This spring was a great season for maple syrup. Cold nights with above freezing temperature days make perfect weather for the sap to run. We have a great selection of local maple syrup from Gary and Jean Ivens at Sharyn’s Pantry. Jean’s family have been making maple syrup since the 1870’s. I have some recipes for you to try using this purely Canadian product. The recipes come from the book ‘Simply Maple’ put out by the Ontario Maple Syrup Producer’s Association in 1994.
This recipe has been passed down for 4 generations. Think of all the happy people enjoying this delectable treat! This recipe is almost exactly my Mum’s recipe with the addition of the maple syrup.
INGREDIENTS:
1/4 cup pure maple syrup
4 cups brown sugar
2 tbsp. all purpose flour
2 tsp. baking powder
a dash of salt
4 tbsp. butter
1 cup Carnation evaporated milk
METHOD:
-Grease an 8″ or 9″ square pan with butter. Set aside.
-In a large saucepan, combine the maple syrup, brown sugar, flour, baking powder, salt and butter.
-Add the evaporated milk and heat slowly until the mixture comes to a boil.
-Use a candy thermometer and cook the fudge until it comes to the soft ball stage, which is 234 degrees F. or 112 degrees C.
-Beat this by hand using a wooden spoon. Beat the candy until it has a thick, creamy texture.
-Quickly pour the candy into a lightly buttered 8″ or 9″ pan.
-Cool and cut into squares.
MAPLE POPPYCOCK
Once made and cooled, you can store this treat in an airtight container (e.g. Tupperware) or you can freeze it.
INGREDIENTS:
1 cup butter
1/2 cup pure maple syrup
1 tsp. fine salt
2 cups brown sugar, packed
1 tsp. pure vanilla
1/2 level tsp. baking soda
1 cup whole natural almonds and/or pecan halves or cashews
6 quarts (24 cups) popped (plain) popcorn
METHOD:
-In a large saucepan, combine the butter, maple syrup, salt and brown sugar.

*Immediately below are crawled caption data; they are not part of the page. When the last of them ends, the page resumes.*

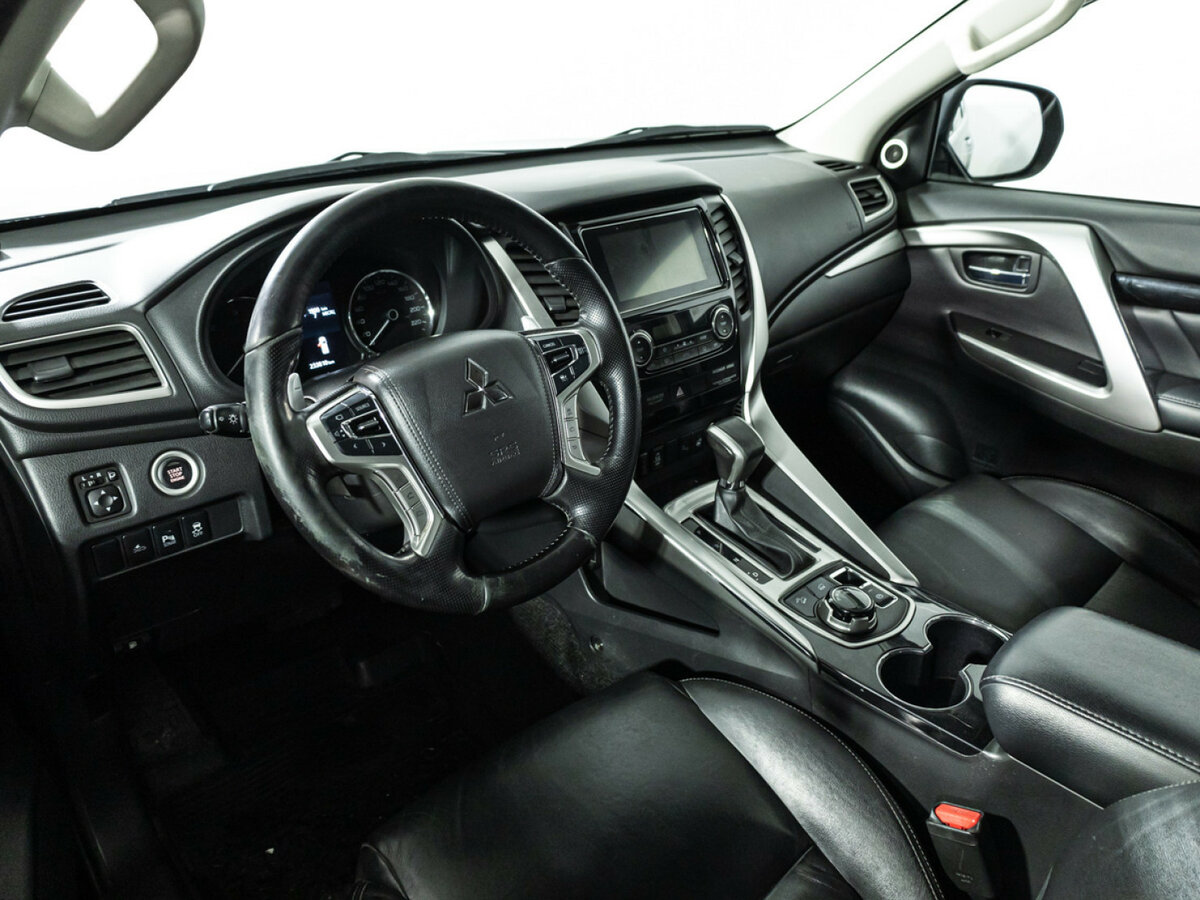 Б/У Митсубиши Паджеро Спорт 2017 года. Фото: #8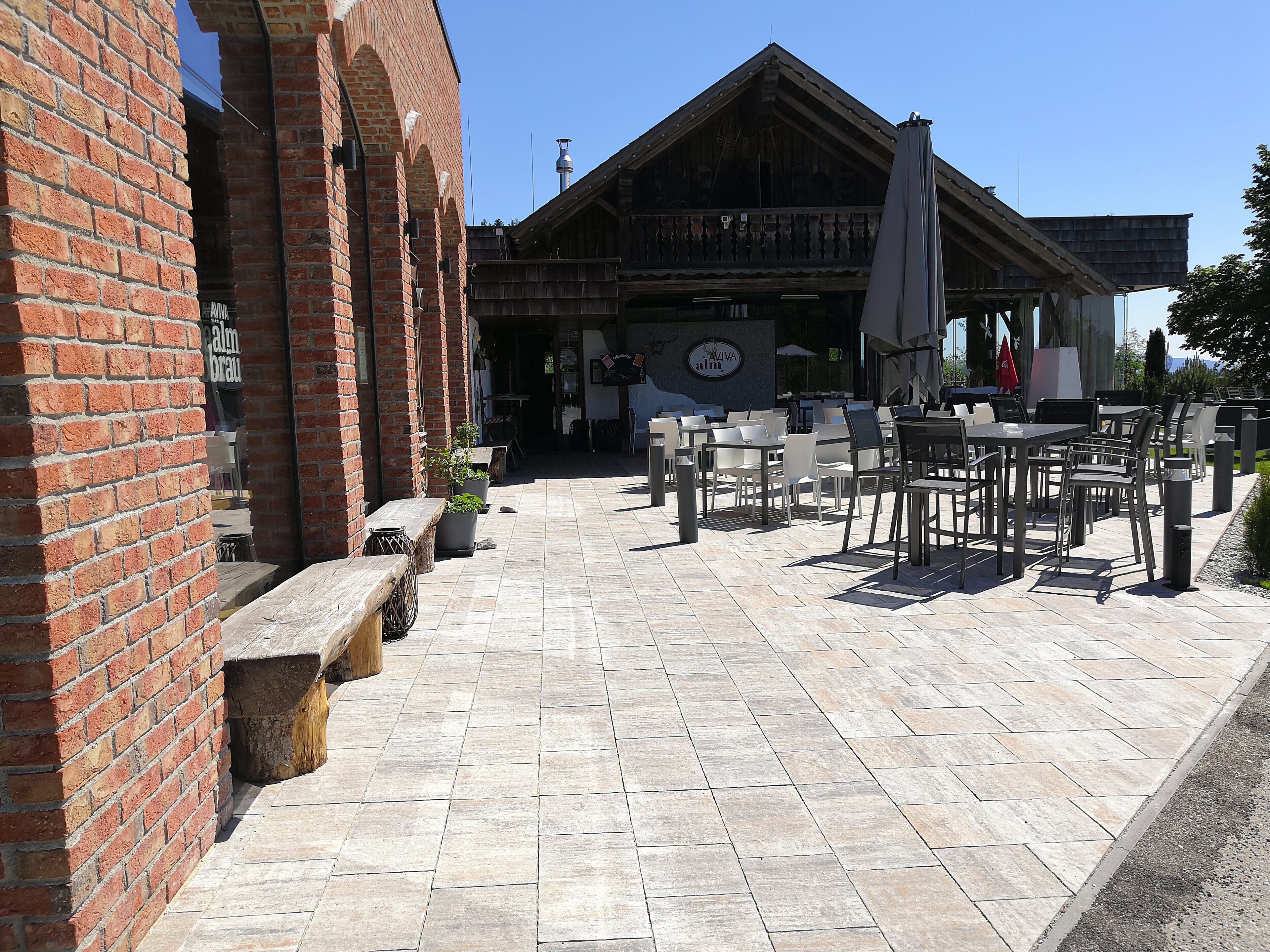 Hotel AVIVA make friends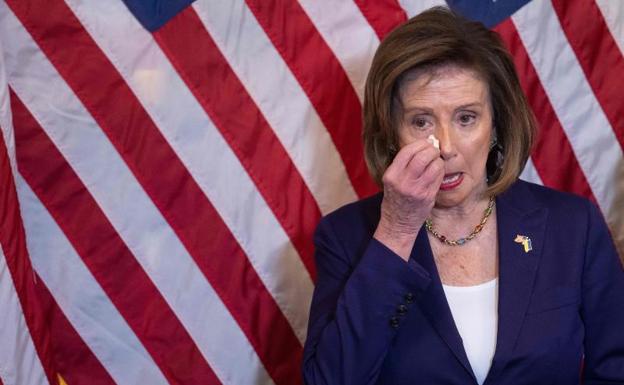 Los republicanos lloran al rendir homenaje a Pelosi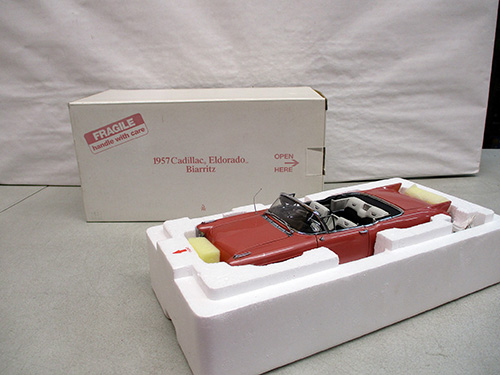image of Danbury Mint 1957 Cadillac Eldorado Biarritz Model with Box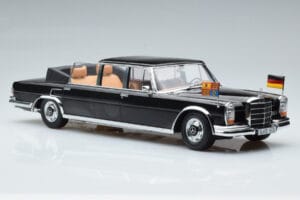 Mercedes 600 Pullman W100 Landaulet Queen Elizabeth II KK-Scale 1:18 KKDC181185 Metal - imagen 4 de 6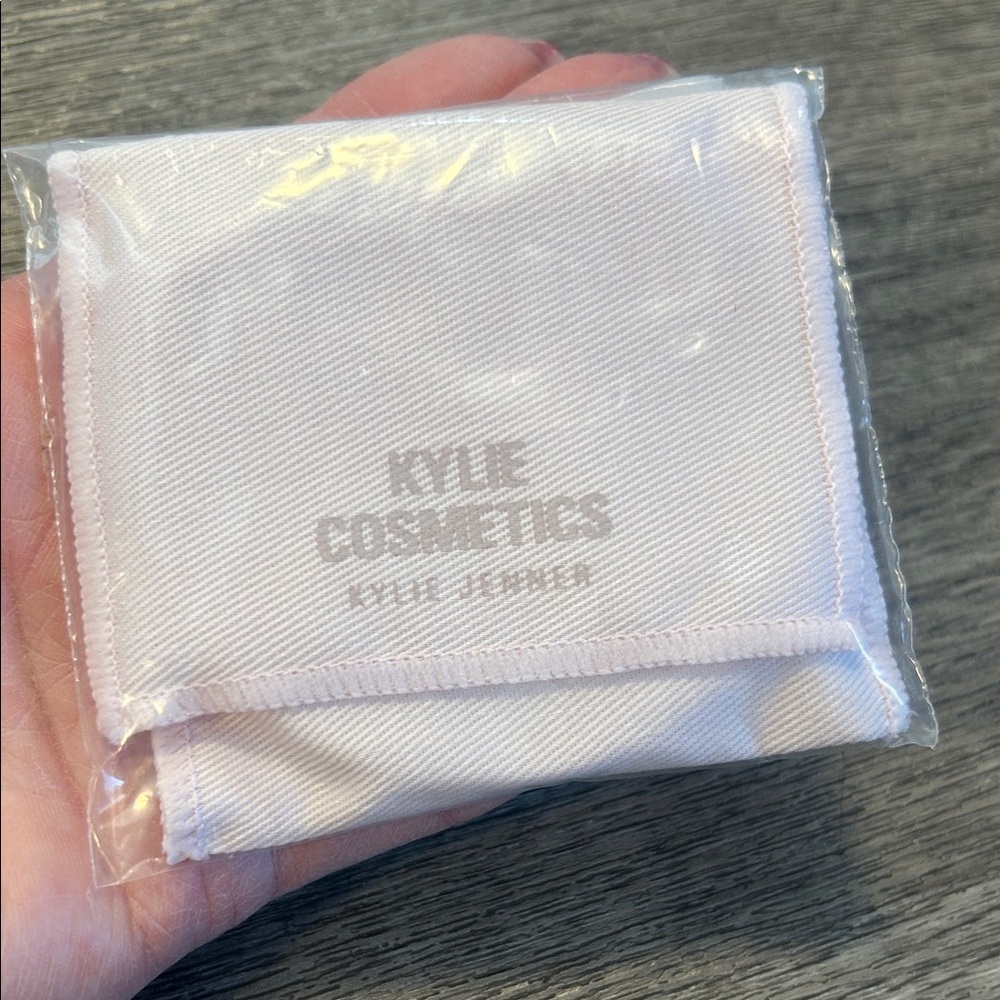 Kylie Cosmetics Pocket Mirror - Picture 5 of 6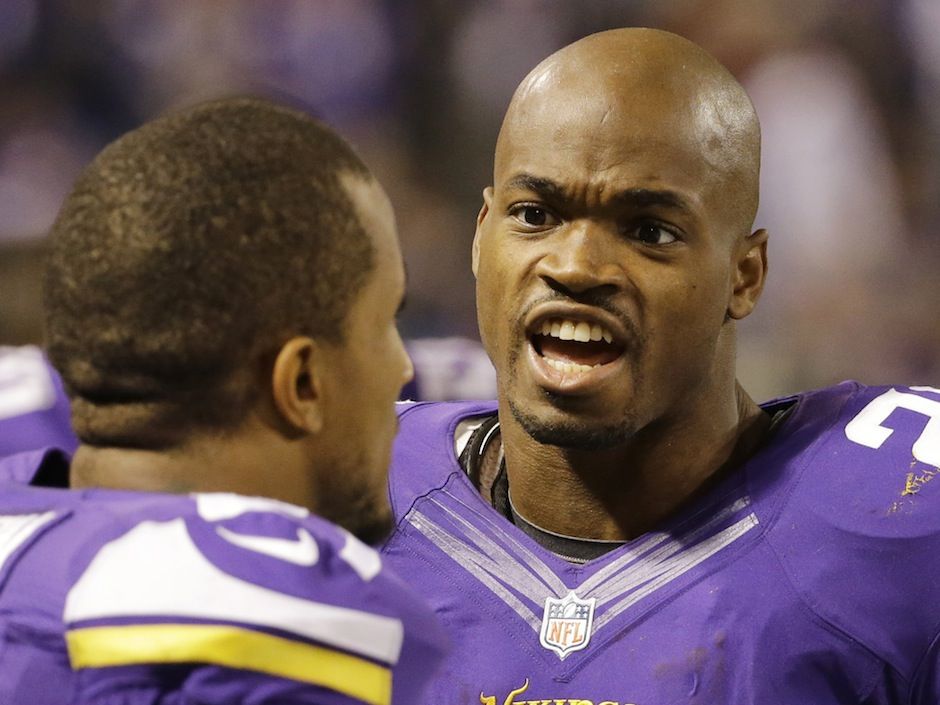 Adrian Peterson has big day as Vikings hold off Cards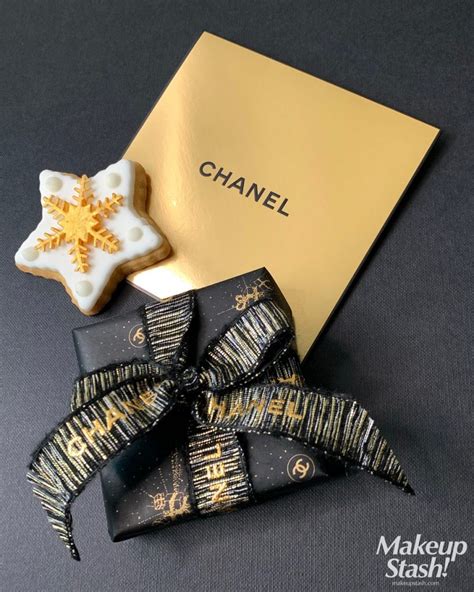 chanel christmas packaging 2020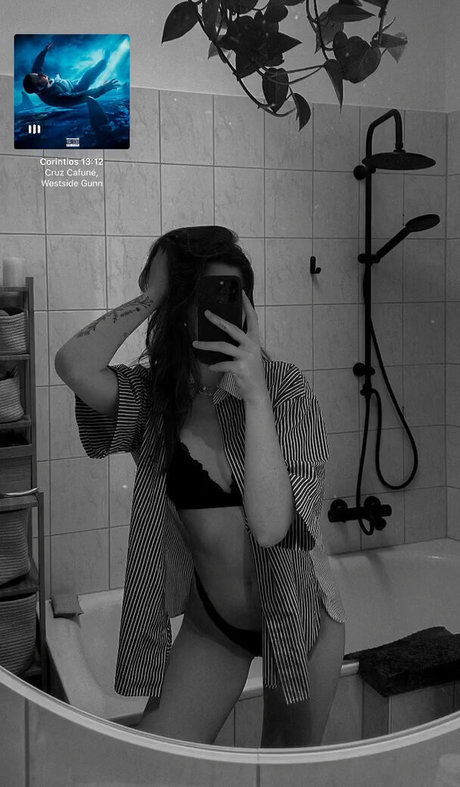 Leonie Busse onlyfans nude pictures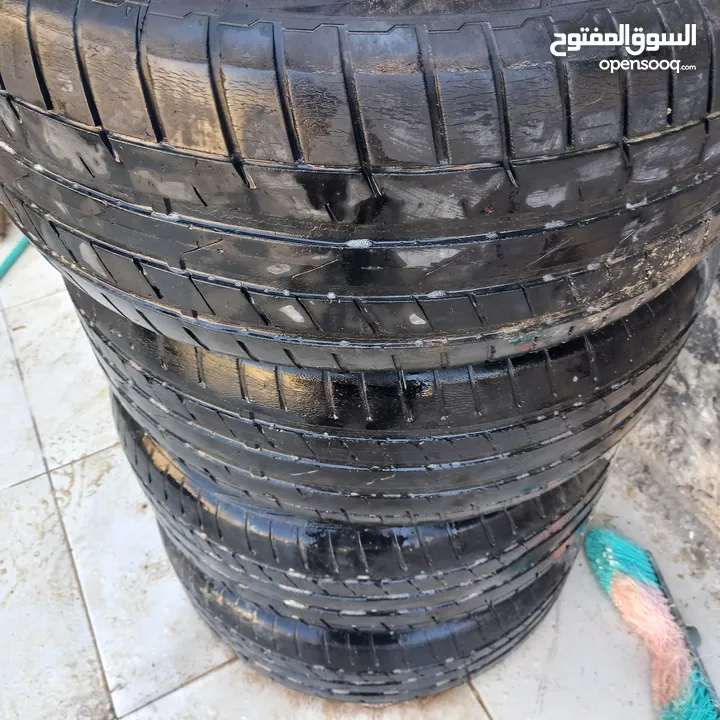 طقم كفرات مقاس 245/65/17 مستعمل
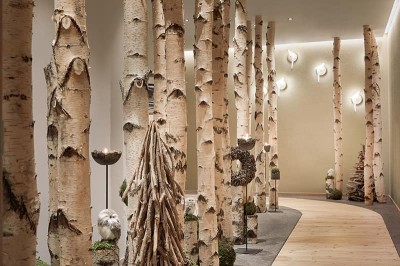 Eingang des Adults Only Wellnessbereichs im Familienhotel Feuerstein in Südtirol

-Bring this to a full rolling boil and then boil it for 5 minutes.
-Add the baking soda and vanilla. Mix well.
-Add the nuts.
-Place the popped popcorn in a large shallow greased pan. A roasting pan will do fine.
-Pour the hot syrup mixture over the popped popcorn. Toss to coat everything well.
-Bake this uncovered in a 225 degree F. oven for 30 minutes, stirring once during this time.
-Cool, and break apart.
-Store this in an airtight container (e.g. Tupperware) or freeze.